Despite this tendency toward limited, mostly superficial economic analysis of international affairs, discussions of monetary policy in the early Republic often veered into the analysis of international factors and approached levels of sophistication unmatched by many twentieth-century analysts. In some ways, for example, late nineteenth-century U.S reliance on a gold standard with fixed exchange rates represented a departure from an earlier, more flexible bimetallic monetary policy—to which the nation would ultimately return. The alteration, in 1834, of Alexander Hamilton's 15:1 silver-to-gold valuation of the dollar—to a 16:1 ratio—largely kept silver dollars out of circulation, limited the worldwide potential of later Nevada silver discoveries, and signaled the advent of a more restrictive, even emasculating, U.S. monetary policy. Ceding control of domestic monetary policy to the vagaries of international gold flows, and the overall level of international commerce to the total gold supply, policymakers had essentially ignored existing economic theory, however immature, in favor of economic policy handcuffs.

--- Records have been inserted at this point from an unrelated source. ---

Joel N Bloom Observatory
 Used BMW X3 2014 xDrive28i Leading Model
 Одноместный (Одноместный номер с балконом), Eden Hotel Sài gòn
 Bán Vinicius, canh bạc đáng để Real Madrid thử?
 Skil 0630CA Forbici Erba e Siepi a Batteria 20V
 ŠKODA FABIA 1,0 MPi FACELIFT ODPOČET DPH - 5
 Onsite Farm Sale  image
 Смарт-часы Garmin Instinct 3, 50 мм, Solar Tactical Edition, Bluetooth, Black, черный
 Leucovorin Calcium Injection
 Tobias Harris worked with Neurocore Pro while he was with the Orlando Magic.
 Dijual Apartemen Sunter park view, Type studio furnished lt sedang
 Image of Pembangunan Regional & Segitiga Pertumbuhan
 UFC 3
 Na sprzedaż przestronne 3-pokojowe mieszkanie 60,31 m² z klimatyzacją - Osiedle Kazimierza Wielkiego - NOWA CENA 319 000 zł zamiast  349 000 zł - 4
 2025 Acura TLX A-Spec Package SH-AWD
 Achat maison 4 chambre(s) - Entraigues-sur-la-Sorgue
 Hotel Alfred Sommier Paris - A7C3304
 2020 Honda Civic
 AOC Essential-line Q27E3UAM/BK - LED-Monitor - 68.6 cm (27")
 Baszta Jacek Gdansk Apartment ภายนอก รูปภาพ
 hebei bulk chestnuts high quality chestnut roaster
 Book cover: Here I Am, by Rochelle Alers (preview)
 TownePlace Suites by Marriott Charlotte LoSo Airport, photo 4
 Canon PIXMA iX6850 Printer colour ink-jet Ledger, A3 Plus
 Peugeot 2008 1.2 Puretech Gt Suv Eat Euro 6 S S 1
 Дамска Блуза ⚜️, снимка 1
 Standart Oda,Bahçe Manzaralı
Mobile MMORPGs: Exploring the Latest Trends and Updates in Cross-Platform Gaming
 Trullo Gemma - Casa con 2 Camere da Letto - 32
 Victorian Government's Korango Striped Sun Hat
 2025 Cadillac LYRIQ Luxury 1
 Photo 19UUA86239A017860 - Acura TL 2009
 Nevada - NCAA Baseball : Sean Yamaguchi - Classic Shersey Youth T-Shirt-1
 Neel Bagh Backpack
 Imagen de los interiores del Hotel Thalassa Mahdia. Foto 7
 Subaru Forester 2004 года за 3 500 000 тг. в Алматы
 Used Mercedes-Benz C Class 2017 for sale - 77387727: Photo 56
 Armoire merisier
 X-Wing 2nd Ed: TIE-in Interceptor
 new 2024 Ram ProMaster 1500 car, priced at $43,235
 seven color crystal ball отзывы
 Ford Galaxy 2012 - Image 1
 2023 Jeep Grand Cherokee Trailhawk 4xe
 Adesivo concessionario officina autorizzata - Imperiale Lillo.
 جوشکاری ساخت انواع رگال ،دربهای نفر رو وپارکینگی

But talk of trade clearly occupied the minds of far more policymakers and economic theorists than did international currency analysis. Smith's theories, principally those found in his ground-breaking synthesis published in 1776, An Inquiry into the Nature and Causes of the Wealth of Nations, focused attention squarely on international trade, proffering an analysis designed to integrate trade policy and consumer welfare. Smithian analysis of how to pay for war (taxation versus borrowing)—designed to make its costs more obvious and disabling—also filtered into a great number of American foreign policy debates and was digested and considered fully by both late eighteenth-and early nineteenth-century American leaders. David Ricardo's early nineteenth-century postulates regarding comparative advantage—the notion that two nations may gain through trade even if one can produce everything more efficiently than the other—had percolated, as well, into policy circles in both Great Britain and the United States. Few of these theories, however, found anything but temporary or comparatively insecure footholds in the policy arena until the mid-twentieth century.

From the American economists who toiled for the Strategic Bombing Survey during World War II to those serving today as consultants on currency stabilization, economic theory has now permeated virtually every conceivable foreign policy analysis and situation. It no longer remains confined principally to questions of international commercial advantage or even international trade. At the same time, its chief occupation has most often been limited to three major areas: trade policy, international monetary policy, and policies for international growth and development (for developed, developing, and undeveloped nations). Since the breakdown of the Bretton Woods system for international currency stabilization in the early 1970s, monetary policy has become much more newsworthy; much more often the subject of policy discussions, high and low; and has increasingly become the preoccupation of many skilled economists and specialized policy advisers. Likewise, growth and development policy also increased in significance in the late twentieth century, albeit mostly as a result of both increasing numbers of American, European, and East Asian multinational corporations and increasing emphasis on development that emerged along with post–World War I and post–World War II rebuilding efforts. As the welfare of these companies came to depend increasingly on rising prosperity abroad, and as altruism merged increasingly with self-interest in prominent rebuilding or relief efforts, more people naturally came to ask how such prosperity should be created or sustained.

Analysis of trade policy, however, continues to engage economic theorists more than any other large foreign policy concern. Indeed, a great number of international monetary policy analyses are, in effect, designed to explain how international money affects international trade.